The feeling I get today is everyone is on edge. As the Fed shifts into a new control phase of less accommodation and soon to raise rates (hawkish posture) we still have investors and traders trying to squeeze out the gains before the trend changes. Of course, who will tell us that is going to happen? The pundits, experts and gurus who seem to ALWAYS tells us the exact wrong time? The MARKET always tells us. The assumption of course is the markets will turn down as the Fed removes their stimulus, in place for nearly five years. Yet, I would argue that while this action is hawkish it is not necessarily the death of equities as some would believe. Are stock market gains the result of aggressive Fed policy?

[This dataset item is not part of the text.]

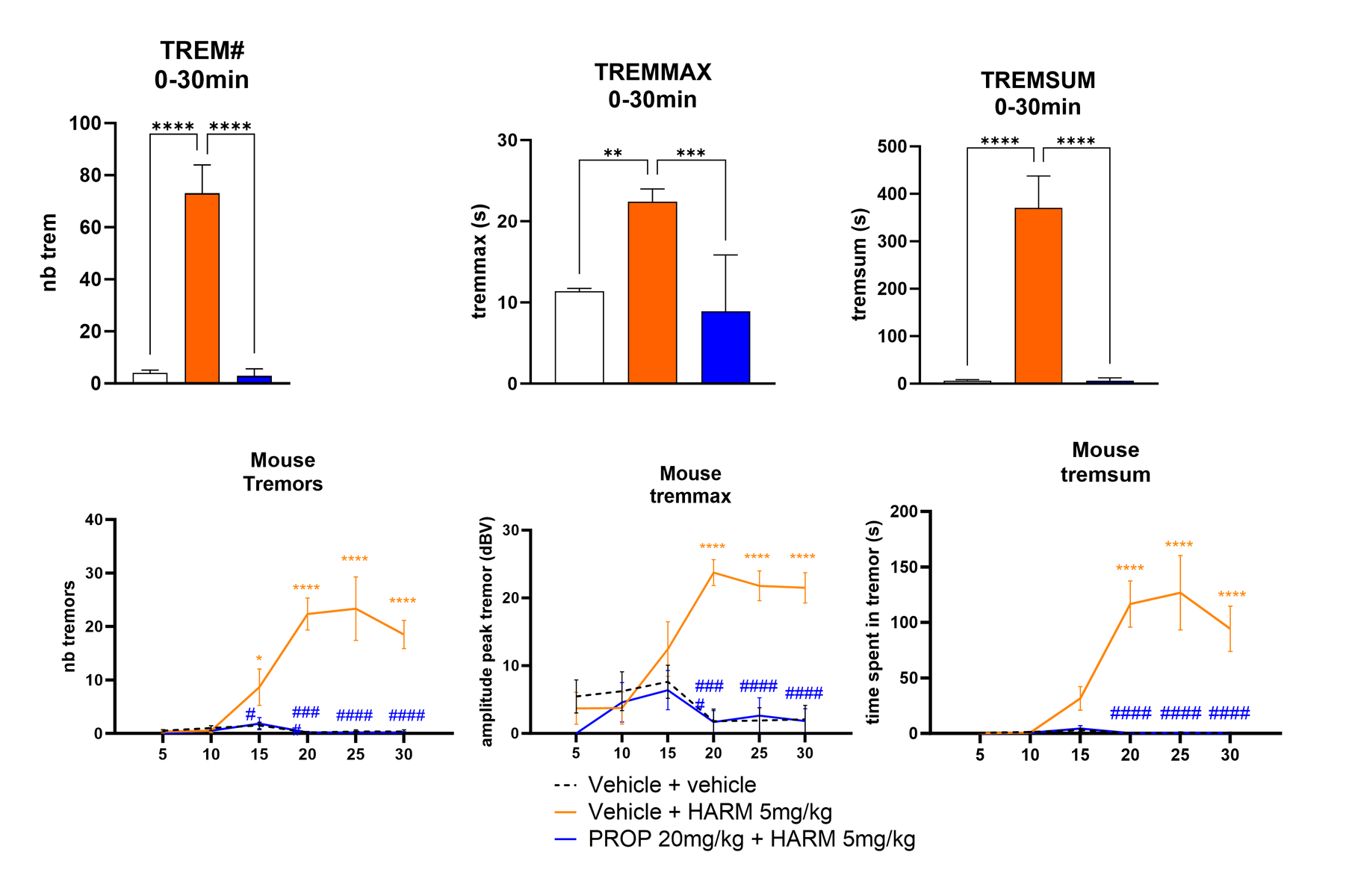 Graph depicting the number, duration and intensity of tremors, and/or the intensity of tremors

I would say yes for the most part, but then corporate profits are at record highs. That may be the result of easy money but businesses still have to PERFORM, and in a positive environment that has taken place. So, the Fed easy money policy was as much a psychological crutch than it was actual stimulus. Chair Yellen and former Chair Bernanke are both on record several times saying monetary policy is not a driver of growth, yet they stop short of saying it was a psychological tool – meant to create a positive environment and shore up confidence. Clearly policy has had an effect on investors/traders minds.
But the next move? I defer to the charts and technicals for the answer as they guide me into the next time-frame. The charts help me stay focused on the message of the markets.
On the SPX chart we see the potential formation of a top on September 19 and with some confirmation to the downside but that seems only corrective in nature. Further, the trend line is still intact but it falls down to about 1950, an area of fibonacci support and the 100 ma (an area where the markets tested this year and bounced sharply).
Distribution has been high as institutional selling is noted by the high volume bars on down days, yet like previous times the market catches its footing. We’ve seen potential tops and top calls on numerous occasions only to fail, this bull market has fooled so many. I will follow the trends and patterns that have worked in the past to find the right combination.